You’ve made a lot of illustrations for American Girl Magazine. How did this collaboration start and what are your thoughts on it?
Yeah, I've been collaborating with American Girl Magazine for already five years now, and it's been a huge pleasure! I got really lucky on this… a wonderful art director that worked there saw my work online, liked it and decided to offer me a small project. She doesn't work at American Girl anymore, but I'll be forever grateful to her for giving me a chance when I was a newbie.

Your illustrations always seem to have a story to tell. Do you ever consider writing an illustrated book of your own one day?
I have illustrated three books already, but none of them was narrative, and it's a challenge I really look forward to. It would be a dream come true to illustrate a children's book, for example. When I'm doing illustrations for fun, in my sketchbook, I always tend to tell little stories inside them. I play with little details and exchanges between characters that let you make up your own story about what's happening. But somehow I've never considered myself a storyteller. I guess I should challenge myself to write my own book.

Okay, now you’re working as a freelance illustrator. How do you manage your work schedule/time? Was it ever overwhelming?
I work from home, so it can be a little complicated to separate work and life, specially when I'm working on a big job like a book. In those periods, it can be a little overwhelming, I must admit. But I try doing my best to unplug at the end of the work day, get out of the house for a while and spend time with friends. I need that to maintain a healthy mind. Sometimes I consider renting a separate studio in a shared space, which would help on managing a work schedule. But at the same time, I love working from home. The fact that I can work in my pyjamas if I feel like it is pretty cool!

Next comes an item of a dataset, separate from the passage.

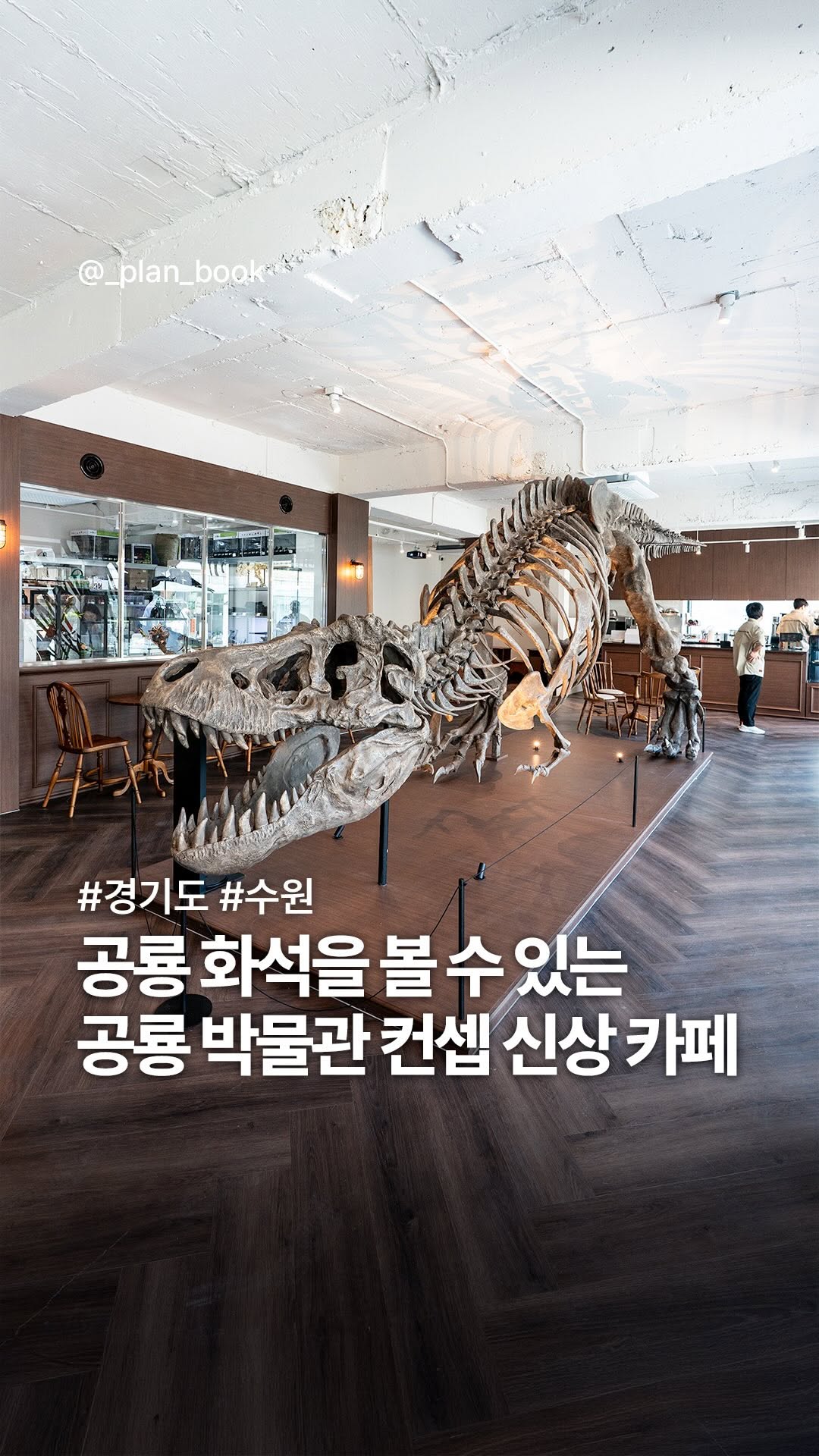 플랜북 | 카페 전시 팝업 맛집 숙소, Naturalis Biodiversity Center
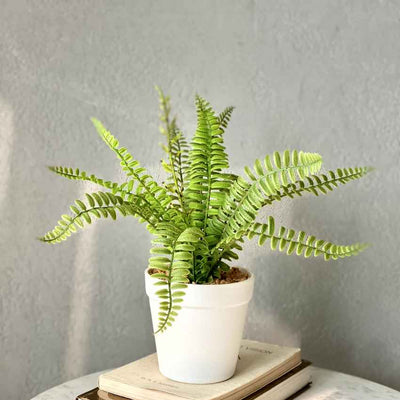 Artificial Green Shade Fern Bush Plant with Pot | 6 x 12 inches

Aside from illustrations, you seem to have an apt for knitting. Would you ever combine the two together?
Yeah, I love knitting a lot. My grandma taught me the basics when I was a kid, but I only became obsessed a few years ago. It's very different from illustration, but at the same time they're both really creative activities. I really enjoy designing my own sweaters or hats, and creating pieces of clothing out of nowhere, it's a lot of fun with the bonus of being useful. I haven't been able to knit much this summer, it's been awfully hot in Madrid and well, wool and heat don't mix well. But I have plans to mix my illustration and knitting very soon, I want to design a pair of mittens, probably with something cat related. 

How does the future look like for Julia Bereciartu?
The last few weeks have been exciting, as I recently published a new book with American Girl and a new toy with Djeco. And I'm currently negotiating two new possible projects that I really look forward to. Besides that, I hope the future brings new exciting work, lots of afternoons with my sketchbook, long bike rides (now that the weather is cooling down) and X-Files marathons. And hopefully another kitty to play with Maggie (but I still have to convince my partner on that, hehe).

What kind of advice would you give all the newbie illustrators out there, including me?
Work hard but don't forget to play.

A little note from me

Whether with watercolour or digital softwares, Julia's artwork seems to have a certain playful element to it. It invites us to look closer in a friendly tone and light heart. I love just how neat her colouring is, whatever material she uses. The colours she chooses always seem to be so soft and friendly to the eyes, not at all too challenging to look at, which adds up to the warm and friendly aesthetic her pieces seem to emanate. I also adore her ability to illustrate ladies in all shapes, sizes and colours looking effortlessly beautiful, like real women do. She has this amazing gift to make textures come alive without too many complicated and tedious details, which, I must say, isn't something everyone has. Although not shown here, she also has an apt for creating adorable patterns - as witnessed on her blog - as well as knitting patterns. A gal with many talents, that's what she is.